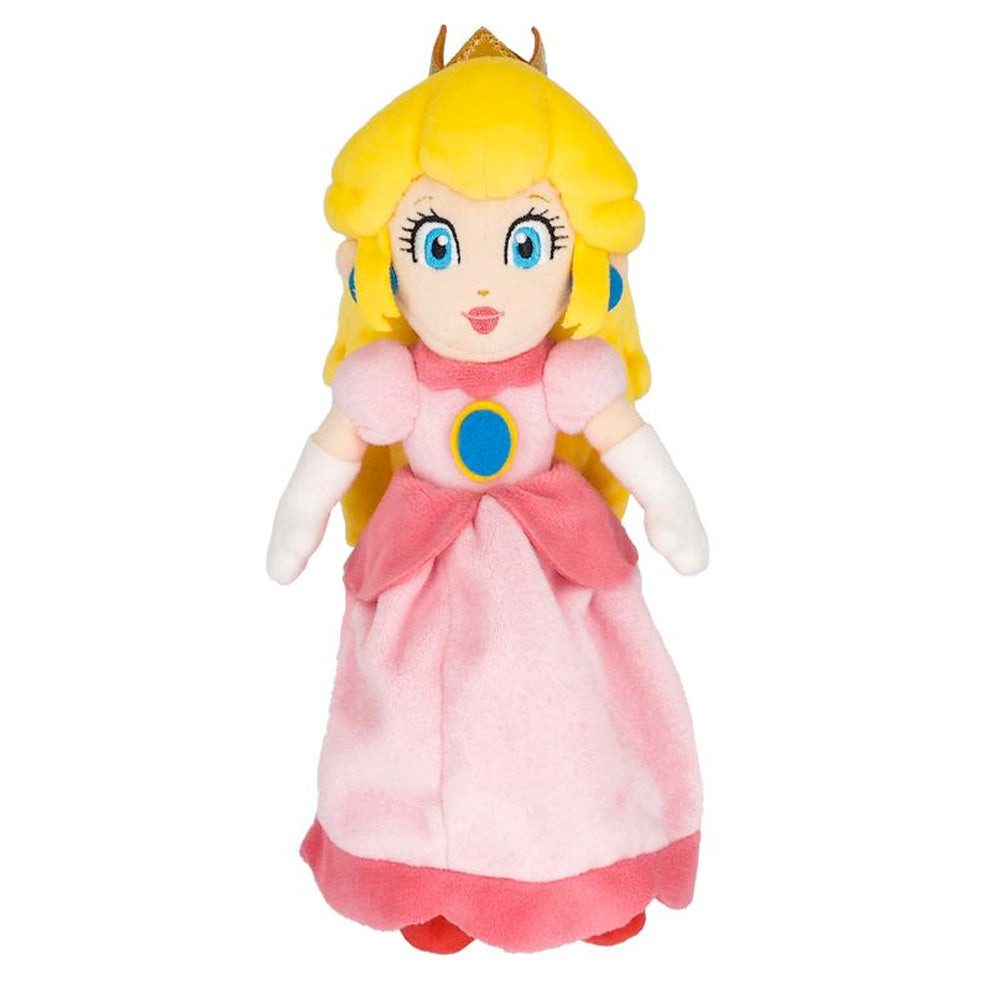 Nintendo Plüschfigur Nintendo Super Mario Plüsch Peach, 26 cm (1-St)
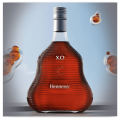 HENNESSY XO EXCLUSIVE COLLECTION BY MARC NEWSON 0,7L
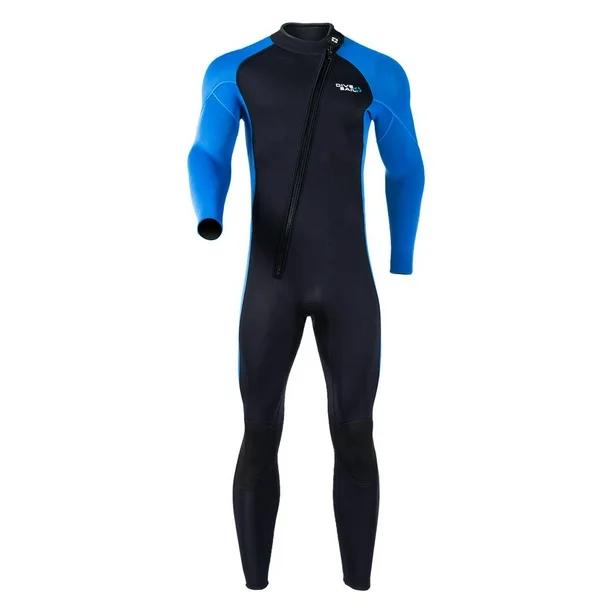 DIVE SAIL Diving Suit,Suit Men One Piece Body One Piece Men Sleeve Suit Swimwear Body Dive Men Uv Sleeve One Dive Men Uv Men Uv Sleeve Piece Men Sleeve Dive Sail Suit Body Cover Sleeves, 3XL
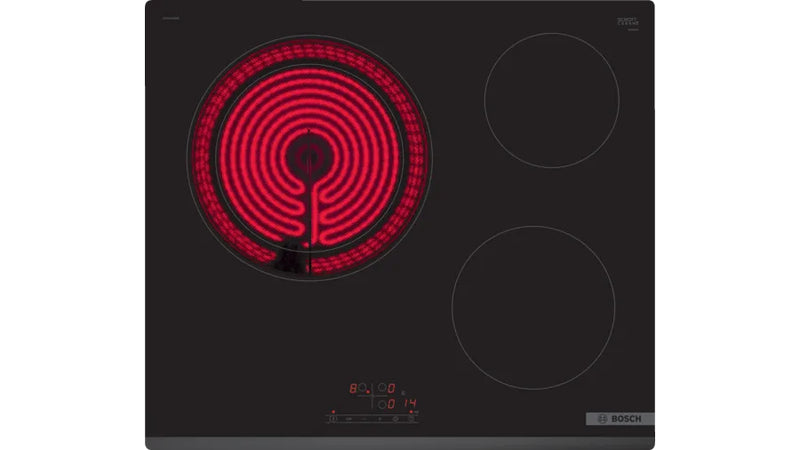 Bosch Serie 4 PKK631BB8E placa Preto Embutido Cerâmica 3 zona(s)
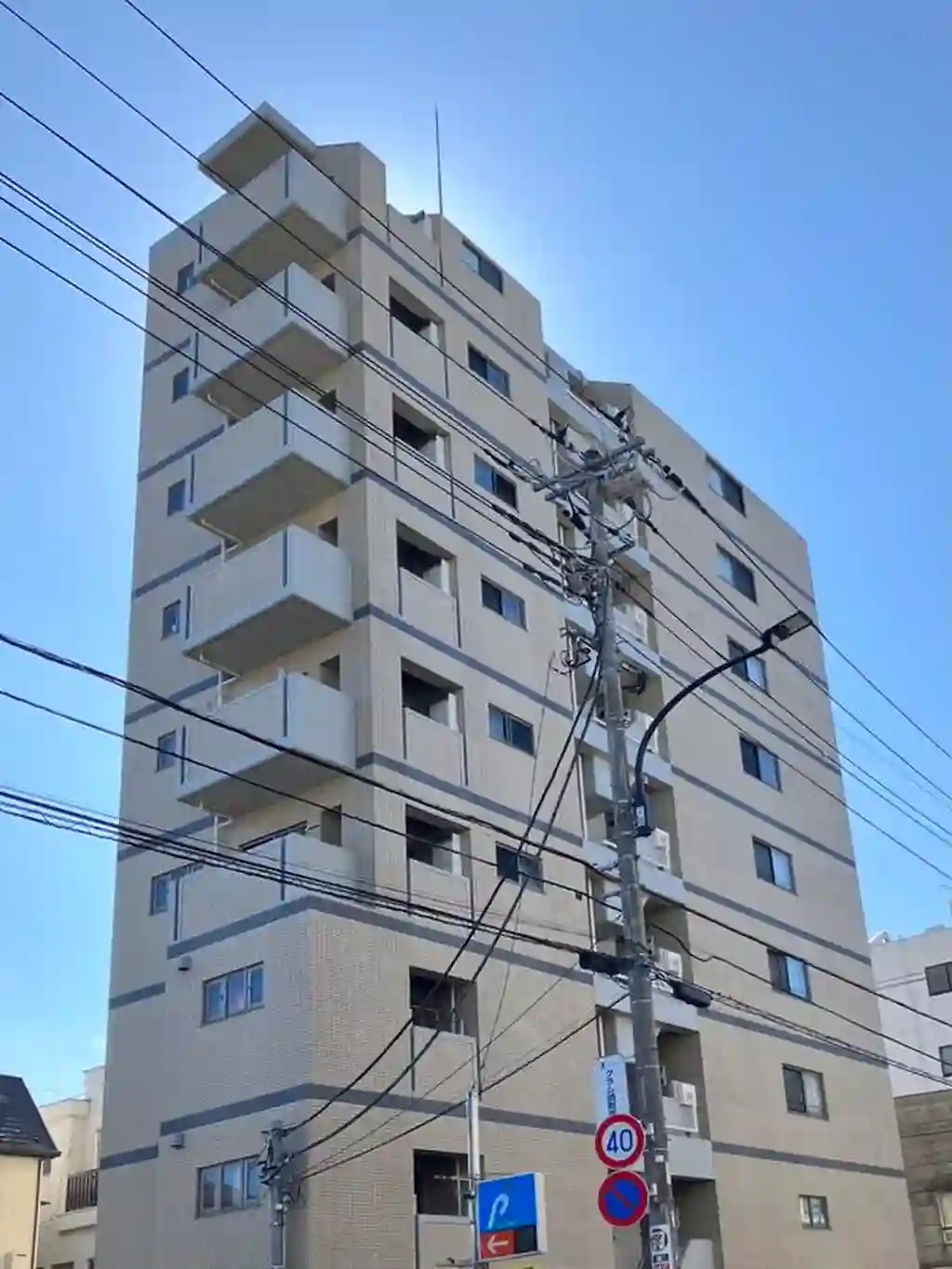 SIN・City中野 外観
-------
→ **Assignment**
Return nothing except the lines from the line with "DIVE SAIL Diving" through the last line of the records above, copied exactly and without pictures.

→ **Exercise answer**
 DIVE SAIL Diving Suit,Suit Men One Piece Body One Piece Men Sleeve Suit Swimwear Body Dive Men Uv Sleeve One Dive Men Uv Men Uv Sleeve Piece Men Sleeve Dive Sail Suit Body Cover Sleeves, 3XL
 Bosch Serie 4 PKK631BB8E placa Preto Embutido Cerâmica 3 zona(s)
 SIN・City中野 外観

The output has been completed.